_Your assignment_
Would you copy each line of the records that includes the word "Grip"?

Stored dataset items
-- Opening Marker --

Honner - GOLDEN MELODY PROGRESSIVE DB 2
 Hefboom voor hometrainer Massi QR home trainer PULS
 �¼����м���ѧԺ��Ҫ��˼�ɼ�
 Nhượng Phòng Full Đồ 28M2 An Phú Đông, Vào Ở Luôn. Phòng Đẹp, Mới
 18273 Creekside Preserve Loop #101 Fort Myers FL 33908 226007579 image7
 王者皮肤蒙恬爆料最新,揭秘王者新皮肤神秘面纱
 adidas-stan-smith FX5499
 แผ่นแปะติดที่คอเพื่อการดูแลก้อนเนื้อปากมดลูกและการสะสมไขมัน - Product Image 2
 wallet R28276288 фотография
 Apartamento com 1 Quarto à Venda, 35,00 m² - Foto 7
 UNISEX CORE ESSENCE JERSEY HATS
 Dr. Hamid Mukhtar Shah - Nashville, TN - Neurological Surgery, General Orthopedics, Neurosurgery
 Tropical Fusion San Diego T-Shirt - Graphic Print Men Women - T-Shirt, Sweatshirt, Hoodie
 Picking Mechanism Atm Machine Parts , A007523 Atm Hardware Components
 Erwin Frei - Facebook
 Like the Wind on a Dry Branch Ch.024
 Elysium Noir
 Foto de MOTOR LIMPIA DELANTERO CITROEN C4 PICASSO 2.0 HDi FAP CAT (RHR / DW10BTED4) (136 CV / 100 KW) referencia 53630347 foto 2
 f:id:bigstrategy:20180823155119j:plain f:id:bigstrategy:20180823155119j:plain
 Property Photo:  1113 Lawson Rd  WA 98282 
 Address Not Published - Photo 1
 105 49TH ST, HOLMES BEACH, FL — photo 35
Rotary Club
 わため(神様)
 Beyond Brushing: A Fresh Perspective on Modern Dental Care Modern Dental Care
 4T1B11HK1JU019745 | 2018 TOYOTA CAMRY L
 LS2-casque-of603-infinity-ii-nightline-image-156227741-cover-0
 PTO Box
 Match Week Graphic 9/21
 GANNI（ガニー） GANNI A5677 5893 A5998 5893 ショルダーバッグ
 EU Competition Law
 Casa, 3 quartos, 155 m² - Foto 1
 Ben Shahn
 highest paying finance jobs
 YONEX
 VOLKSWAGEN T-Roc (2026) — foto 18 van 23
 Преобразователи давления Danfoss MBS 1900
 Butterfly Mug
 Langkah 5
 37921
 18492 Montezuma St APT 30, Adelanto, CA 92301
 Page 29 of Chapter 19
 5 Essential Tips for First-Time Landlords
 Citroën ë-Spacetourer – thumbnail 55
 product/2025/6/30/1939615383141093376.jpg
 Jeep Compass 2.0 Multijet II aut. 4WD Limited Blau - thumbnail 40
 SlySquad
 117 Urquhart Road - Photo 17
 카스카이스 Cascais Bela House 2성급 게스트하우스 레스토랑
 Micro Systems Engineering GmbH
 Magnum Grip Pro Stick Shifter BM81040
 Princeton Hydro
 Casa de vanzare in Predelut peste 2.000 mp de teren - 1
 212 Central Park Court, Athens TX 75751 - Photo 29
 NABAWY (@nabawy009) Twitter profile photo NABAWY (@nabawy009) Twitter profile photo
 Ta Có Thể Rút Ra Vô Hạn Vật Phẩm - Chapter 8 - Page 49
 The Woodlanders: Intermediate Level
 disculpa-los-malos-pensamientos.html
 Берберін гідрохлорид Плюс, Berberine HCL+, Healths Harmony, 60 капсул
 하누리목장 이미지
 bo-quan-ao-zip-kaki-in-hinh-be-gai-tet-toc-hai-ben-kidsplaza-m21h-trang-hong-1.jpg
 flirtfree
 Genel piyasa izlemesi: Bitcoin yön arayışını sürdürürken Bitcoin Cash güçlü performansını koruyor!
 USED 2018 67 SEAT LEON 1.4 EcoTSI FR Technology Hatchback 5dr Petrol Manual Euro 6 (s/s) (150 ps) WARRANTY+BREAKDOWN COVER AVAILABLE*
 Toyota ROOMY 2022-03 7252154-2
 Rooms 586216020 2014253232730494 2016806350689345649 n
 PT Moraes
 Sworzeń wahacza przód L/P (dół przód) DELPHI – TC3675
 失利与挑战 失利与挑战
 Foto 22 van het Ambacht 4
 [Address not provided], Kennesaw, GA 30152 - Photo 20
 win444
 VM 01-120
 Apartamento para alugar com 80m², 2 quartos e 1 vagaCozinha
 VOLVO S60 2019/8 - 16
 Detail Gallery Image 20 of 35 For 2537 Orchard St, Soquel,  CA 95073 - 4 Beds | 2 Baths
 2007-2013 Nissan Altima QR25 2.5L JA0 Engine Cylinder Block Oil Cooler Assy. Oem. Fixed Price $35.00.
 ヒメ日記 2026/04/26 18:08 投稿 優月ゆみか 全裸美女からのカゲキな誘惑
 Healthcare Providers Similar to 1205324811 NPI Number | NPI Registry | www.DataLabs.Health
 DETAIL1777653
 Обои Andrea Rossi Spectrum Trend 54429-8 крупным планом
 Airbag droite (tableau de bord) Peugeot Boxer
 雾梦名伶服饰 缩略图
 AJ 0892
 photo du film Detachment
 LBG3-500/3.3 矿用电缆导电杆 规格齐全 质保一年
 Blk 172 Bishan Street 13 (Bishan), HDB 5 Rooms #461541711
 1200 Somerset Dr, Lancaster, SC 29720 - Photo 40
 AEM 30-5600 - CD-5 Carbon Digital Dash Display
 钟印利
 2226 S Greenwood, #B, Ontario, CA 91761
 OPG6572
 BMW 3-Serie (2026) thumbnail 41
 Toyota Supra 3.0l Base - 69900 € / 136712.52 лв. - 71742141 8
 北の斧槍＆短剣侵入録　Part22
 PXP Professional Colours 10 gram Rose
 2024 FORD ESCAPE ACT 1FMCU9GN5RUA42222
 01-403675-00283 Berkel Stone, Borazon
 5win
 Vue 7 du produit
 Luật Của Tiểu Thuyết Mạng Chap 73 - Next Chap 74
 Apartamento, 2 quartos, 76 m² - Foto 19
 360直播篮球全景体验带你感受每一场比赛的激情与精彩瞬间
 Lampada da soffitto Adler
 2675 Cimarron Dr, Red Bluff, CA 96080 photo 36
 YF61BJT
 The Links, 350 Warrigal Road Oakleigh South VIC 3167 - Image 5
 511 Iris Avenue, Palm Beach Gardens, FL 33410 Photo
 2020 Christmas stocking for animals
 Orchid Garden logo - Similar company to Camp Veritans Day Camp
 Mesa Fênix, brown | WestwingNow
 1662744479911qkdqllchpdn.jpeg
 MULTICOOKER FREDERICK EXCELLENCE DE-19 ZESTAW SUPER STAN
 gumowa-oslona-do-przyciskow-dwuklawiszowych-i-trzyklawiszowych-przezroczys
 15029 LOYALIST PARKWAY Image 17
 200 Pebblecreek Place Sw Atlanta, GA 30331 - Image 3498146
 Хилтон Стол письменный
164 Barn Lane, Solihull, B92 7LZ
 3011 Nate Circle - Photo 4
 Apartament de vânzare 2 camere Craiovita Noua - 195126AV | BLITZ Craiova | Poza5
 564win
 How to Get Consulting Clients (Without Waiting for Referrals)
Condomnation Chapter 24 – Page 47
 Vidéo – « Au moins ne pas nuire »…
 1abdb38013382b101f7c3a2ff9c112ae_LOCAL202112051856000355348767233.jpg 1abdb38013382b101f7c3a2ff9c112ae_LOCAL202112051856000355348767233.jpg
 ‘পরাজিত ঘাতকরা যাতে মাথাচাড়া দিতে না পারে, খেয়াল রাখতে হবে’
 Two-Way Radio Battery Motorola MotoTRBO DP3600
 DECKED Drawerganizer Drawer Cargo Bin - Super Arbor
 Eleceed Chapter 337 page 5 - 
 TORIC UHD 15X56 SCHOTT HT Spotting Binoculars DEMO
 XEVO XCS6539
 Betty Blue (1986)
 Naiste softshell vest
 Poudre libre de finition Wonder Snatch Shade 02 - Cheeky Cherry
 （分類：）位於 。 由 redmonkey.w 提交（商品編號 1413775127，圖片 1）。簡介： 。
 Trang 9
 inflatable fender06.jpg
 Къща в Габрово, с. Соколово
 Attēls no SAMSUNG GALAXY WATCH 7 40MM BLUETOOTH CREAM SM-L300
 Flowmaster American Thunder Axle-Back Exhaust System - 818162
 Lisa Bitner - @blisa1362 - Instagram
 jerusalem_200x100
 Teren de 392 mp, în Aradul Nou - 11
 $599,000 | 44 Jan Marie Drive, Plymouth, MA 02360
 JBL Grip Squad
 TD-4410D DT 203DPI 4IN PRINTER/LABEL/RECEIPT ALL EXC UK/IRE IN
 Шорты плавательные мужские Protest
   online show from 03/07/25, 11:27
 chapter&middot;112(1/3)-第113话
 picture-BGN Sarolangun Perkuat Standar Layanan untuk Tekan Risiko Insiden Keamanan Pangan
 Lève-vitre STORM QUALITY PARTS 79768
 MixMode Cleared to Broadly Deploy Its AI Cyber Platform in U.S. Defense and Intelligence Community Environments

-- Closing Marker --

_Completed task_
 Magnum Grip Pro Stick Shifter BM81040
 JBL Grip Squad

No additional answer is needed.